CBO Estimates the Economic Hit of the Sequester
Today, the Congressional Budget Office released a report detailing the projected economic effects of repealing the sequester starting August 1. The report is timely considering the big role the sequester will play in the 2014 appropriations process which is now heating up.
In the report, CBO finds that repealing the sequester starting in August would increase spending by $14 billion in fiscal year 2013 and by $90 billion in fiscal year 2014. CBO concludes that such changes would increase real GDP by 0.7 percent and increase the level of employment by 0.9 million in the third quarter of 2014 relative to the levels CBO currently projects. The full range of possible changes are between 0.2 and 1.2 percent for growth and between 0.3 million and 1.6 million for employment. The central tendencies of their estimates are similar to what the agency found the total effect of the sequester would be in 2013.

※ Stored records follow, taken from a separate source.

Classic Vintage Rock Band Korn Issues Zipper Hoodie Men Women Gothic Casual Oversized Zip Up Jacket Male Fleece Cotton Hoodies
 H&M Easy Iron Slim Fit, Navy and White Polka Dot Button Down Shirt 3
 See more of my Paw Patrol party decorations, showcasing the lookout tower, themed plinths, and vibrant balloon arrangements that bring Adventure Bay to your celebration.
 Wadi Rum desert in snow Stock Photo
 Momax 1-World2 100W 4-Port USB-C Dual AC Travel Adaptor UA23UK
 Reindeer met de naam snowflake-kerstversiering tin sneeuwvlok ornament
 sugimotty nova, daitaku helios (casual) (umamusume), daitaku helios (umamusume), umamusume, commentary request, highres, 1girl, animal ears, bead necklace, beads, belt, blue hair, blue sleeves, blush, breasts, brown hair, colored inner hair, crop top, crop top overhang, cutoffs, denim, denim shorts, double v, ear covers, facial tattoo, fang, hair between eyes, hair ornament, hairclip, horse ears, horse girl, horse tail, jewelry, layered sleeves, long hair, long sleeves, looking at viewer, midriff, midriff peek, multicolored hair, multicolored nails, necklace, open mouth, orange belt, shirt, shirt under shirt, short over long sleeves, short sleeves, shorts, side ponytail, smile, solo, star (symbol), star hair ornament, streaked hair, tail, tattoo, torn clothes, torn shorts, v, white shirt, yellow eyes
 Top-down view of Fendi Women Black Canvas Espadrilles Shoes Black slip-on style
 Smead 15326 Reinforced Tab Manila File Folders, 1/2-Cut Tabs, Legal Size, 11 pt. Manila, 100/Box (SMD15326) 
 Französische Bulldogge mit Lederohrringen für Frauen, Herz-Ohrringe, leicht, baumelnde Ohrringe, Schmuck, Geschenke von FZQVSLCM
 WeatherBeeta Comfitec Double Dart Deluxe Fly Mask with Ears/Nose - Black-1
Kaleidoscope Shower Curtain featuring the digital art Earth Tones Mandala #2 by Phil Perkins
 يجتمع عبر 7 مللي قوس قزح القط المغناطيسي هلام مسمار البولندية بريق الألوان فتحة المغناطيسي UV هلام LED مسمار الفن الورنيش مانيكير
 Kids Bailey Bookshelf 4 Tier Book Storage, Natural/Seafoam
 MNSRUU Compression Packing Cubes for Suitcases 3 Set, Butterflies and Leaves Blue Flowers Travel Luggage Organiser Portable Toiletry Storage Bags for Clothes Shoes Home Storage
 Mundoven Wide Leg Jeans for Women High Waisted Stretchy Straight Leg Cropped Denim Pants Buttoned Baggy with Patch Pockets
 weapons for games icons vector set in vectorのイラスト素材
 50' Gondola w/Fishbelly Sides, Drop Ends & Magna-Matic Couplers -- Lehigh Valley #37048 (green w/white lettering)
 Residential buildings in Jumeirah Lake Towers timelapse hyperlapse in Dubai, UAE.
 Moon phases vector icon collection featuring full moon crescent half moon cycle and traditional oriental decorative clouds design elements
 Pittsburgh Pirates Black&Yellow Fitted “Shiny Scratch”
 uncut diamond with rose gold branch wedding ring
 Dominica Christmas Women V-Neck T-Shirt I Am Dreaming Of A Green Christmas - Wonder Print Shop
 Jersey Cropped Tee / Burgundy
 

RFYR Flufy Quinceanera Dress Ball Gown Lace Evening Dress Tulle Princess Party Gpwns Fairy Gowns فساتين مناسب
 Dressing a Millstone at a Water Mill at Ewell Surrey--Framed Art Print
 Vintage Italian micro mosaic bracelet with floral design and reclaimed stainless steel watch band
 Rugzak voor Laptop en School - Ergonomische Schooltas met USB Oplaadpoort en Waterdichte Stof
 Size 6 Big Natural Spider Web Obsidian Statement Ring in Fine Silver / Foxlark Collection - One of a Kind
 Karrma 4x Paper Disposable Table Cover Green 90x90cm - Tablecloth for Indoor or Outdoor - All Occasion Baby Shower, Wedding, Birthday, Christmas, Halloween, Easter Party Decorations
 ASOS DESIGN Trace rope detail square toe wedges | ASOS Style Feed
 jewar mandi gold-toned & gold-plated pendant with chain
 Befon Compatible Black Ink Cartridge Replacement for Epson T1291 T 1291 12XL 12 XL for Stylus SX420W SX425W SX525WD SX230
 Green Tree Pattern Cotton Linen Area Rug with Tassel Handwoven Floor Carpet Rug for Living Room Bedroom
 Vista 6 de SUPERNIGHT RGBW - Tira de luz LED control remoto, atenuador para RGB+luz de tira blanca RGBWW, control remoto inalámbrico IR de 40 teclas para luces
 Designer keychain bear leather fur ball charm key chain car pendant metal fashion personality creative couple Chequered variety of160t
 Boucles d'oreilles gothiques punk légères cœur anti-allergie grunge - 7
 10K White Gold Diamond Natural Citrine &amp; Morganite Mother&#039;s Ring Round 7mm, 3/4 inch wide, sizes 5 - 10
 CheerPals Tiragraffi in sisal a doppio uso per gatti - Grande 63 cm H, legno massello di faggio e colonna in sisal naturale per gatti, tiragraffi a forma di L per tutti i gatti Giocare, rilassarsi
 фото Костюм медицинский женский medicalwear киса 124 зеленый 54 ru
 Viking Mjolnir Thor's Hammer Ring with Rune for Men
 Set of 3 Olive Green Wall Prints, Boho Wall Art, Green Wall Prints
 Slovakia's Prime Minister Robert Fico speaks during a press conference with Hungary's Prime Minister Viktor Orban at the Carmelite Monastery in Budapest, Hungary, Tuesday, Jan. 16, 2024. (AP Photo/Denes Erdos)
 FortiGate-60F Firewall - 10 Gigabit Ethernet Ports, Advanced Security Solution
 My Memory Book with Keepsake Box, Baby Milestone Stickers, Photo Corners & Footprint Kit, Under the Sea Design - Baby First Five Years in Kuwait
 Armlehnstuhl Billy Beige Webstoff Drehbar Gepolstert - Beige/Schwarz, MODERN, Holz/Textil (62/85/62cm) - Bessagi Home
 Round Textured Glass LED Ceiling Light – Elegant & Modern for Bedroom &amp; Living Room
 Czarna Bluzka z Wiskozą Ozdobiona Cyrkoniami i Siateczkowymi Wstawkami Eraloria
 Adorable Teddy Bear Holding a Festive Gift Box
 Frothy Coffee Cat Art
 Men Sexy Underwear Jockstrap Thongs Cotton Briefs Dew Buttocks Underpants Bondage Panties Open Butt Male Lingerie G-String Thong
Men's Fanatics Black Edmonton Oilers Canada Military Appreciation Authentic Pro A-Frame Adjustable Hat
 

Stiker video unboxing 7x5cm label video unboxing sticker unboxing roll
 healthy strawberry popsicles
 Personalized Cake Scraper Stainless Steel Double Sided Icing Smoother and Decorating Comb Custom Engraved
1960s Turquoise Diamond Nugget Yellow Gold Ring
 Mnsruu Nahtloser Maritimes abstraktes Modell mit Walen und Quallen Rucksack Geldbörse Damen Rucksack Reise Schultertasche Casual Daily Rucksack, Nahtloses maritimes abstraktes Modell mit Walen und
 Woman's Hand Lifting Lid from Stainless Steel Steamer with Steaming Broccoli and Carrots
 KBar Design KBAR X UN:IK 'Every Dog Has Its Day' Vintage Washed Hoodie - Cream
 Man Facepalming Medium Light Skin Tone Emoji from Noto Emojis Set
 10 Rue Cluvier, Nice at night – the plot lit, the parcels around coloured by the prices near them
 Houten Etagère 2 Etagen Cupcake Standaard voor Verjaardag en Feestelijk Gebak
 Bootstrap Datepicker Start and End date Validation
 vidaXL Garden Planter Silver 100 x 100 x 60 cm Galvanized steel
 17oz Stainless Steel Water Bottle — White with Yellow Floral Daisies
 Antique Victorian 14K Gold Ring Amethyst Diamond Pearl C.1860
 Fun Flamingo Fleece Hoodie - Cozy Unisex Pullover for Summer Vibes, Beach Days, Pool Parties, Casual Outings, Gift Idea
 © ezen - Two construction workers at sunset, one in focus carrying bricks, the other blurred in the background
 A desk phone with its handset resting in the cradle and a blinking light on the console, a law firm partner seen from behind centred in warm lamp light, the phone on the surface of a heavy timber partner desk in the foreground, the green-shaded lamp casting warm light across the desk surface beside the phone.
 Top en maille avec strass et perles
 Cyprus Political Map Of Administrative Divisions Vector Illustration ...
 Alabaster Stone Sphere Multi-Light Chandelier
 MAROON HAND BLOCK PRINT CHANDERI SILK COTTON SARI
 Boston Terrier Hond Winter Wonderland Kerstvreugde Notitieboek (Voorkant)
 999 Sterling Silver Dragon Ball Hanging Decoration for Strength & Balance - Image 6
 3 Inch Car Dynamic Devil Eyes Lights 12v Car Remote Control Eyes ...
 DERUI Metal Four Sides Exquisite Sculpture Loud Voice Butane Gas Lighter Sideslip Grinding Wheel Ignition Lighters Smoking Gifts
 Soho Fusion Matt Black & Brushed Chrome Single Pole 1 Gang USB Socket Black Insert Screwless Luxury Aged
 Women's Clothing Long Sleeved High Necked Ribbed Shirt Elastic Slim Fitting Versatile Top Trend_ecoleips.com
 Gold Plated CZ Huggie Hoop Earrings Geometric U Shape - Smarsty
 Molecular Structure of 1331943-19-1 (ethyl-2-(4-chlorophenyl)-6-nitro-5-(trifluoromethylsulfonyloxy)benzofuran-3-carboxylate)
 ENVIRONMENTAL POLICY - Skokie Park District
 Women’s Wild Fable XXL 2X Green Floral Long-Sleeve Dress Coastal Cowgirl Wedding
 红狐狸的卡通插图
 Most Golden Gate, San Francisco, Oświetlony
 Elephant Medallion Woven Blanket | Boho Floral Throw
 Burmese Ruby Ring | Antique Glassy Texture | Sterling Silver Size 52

|Economic Effect of the Sequester|
|2013 Q4||2014 Q3|
However, CBO notes that growth over the longer term would be harmed if the repeal was done by itself since it would lead to greater federal debt that would eventually reduce the nation's output and income below what would occur under current law. Furthermore, as they say, "boosting debt above the amounts projected under current law would diminish policymakers’ ability to use tax and spending policies to respond to unexpected future challenges and would increase the risk of a fiscal crisis." Although the sequester is mostly a short- and medium-term solution policy for the debt, repealing it would be a step in the wrong direction in absence of a better plan to deal with longer-term deficits.
The sequester represents a poor way to reduce the deficit. Rather than relying on gradual and intelligent changes focused on the drivers of the debt, the sequester results in abrupt, across-the-board, and economically harmful cuts which leaving growing entitlement programs longly unscathed and come to an end after 2021.
Therefore we and many others have advocated that policymakers should replace the sequester on a more permanent basis with a comprehensive deficit reduction plan that makes more gradual and smarter cuts and finds savings in all parts of the budget. Recent CBO numbers show that this would be a win-win for the economy, creating jobs in the short-run and accelerating growth over the long-run while putting our debt on a more sustainable long-term trajectory.